The tragicomedy - in the running for the Golden Lion - draws an engaging Chaplin-esque performance from Benoit Poelvoorde, with laughs in particular from a scene where the bungling grave-robbers discover they are not the only ones to have demanded a ransom.

But the tribute to the hero of The Kid and The Gold Rush wanes in the second half and the film appears to lose its way with a chaotic mix of Gregorian chants, organ music and jazz.

Chaplin's son Eugene, who plays a bit role in the flick along with one of the star's grandchildren, Dolores Chaplin, told journalists in Venice that the film captured well the difficult period when his father's body was snatched.

"The coffin was stolen for quite some time, and we didn't know who was behind it. There were threats, my younger brother was threatened," he said.

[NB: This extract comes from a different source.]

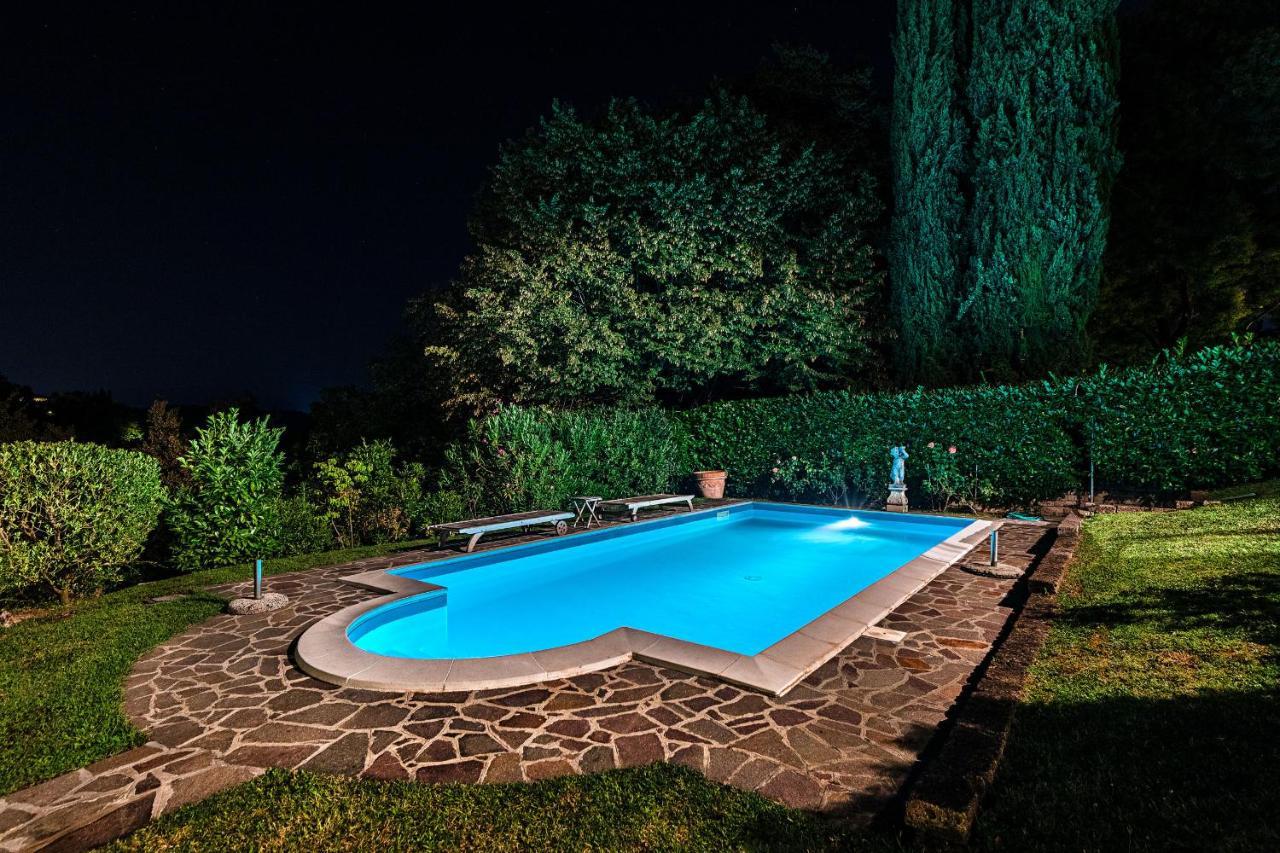 Villa Costanza Con Piscina By Wonderful Italyパデンゲ・スル・ガルダ エクステリア 写真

"When we eventually found my father's coffin in a field next to a forest, on the edge of a canal, it was marvellous," he said.

Chaplin's coffin was taken by a pair of immigrants from Poland and Bulgaria in 1978 and recovered after a large-scale police search, during which 200 phone kiosks were watched and the phone at the Chaplins' home was tapped.

Demands of £400,000 (€300,000) were made for return of the body, but Chaplin's widow Oona refused to pay, saying that her husband would have "thought it ridiculous".

Beauvois said the idea for the film had come to him while re-watching City Lights: "I remembered that his coffin had been stolen for ransom and thought to myself: 'This is a movie!'"

"I wanted to transform it into a tale whereby Chaplin would be a sort of genie, like Aladdin's genie, who grants wishes," he said.

The challenge of revisiting the silent actor's famous Tramp figure in the two immigrants was too good to resist for a director who said he believes "Chaplin is cinema itself, a sacred figure."